Pounding with a spoon on a metal strainer, I’m yelling at the top of my lungs.
“Divest! Divest! Put fossil fuels to rest!”
Hundreds of students and ex-students and dropouts and community folks have gathered to shout, bang on drums, wave banners, and dance through the UC dorms, spreading the message about divesting from Fossil Fuels. The atmosphere was festive and also a little bit confrontational. For everyone here, UC investing in fossil fuels means spending our tuition money to destroy the future we hoped to inherit.
I casually strike up a conversation with another demonstrator.
“Did you see the anarchist white supremacist here?” they ask, visibly upset. Immediately I look around, angry and confused. Who could they be talking about?
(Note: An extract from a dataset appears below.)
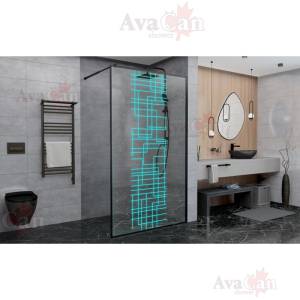 Душевая перегородка AvaCan LB100 профиль черный, стекло прозрачное, с рисунком, 100x200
Then I realize they’re looking at Sweetheart. He blowing his trumpet to the beat, sporting a sweatshirt with a patch that reads “White Supremacy Acquitted Zimmermann”.
I giggle, and explain that Zimmermann was the cop who murdered Trayvon Martin, that white supremacy was responsible for that racist murderer getting off the hook. I promise them that Sweetheart is not a White Supremacist. They nod, appeased.
I can understand immediately why this person is upset, why they don’t look closer to analyze the message. Our culture is permeated by subtle and not-so-subtle racism, and it is really helpful to be able to express that anger when we have to encounter it straight on. We may not ever get to look Zimmermann in the eye and tell him what a racist asshole he is, or personally address the people who make horribly appropriative Halloween costumes, or call out our transphobic boss for making demeaning comments at work. And so in moments when we sense racism from folks in our immediate vicinity, all those feelings come rushing to the surface (at least for me).
I wonder, at the same time, how we can begin to have patience with the people we organize around, and are in community with. Sweetheart’s sweatshirt was misinterpreted, but there are also racist comments made by organizers I work with somewhat regularly, or micro-aggressions I experience from men I organize with. Those things need to be called out,and anger is appropriate, but patience is also key to keeping people involved in doing the work needed to decolonize their minds. I’m curious what readers’ experiences with these moments has been like?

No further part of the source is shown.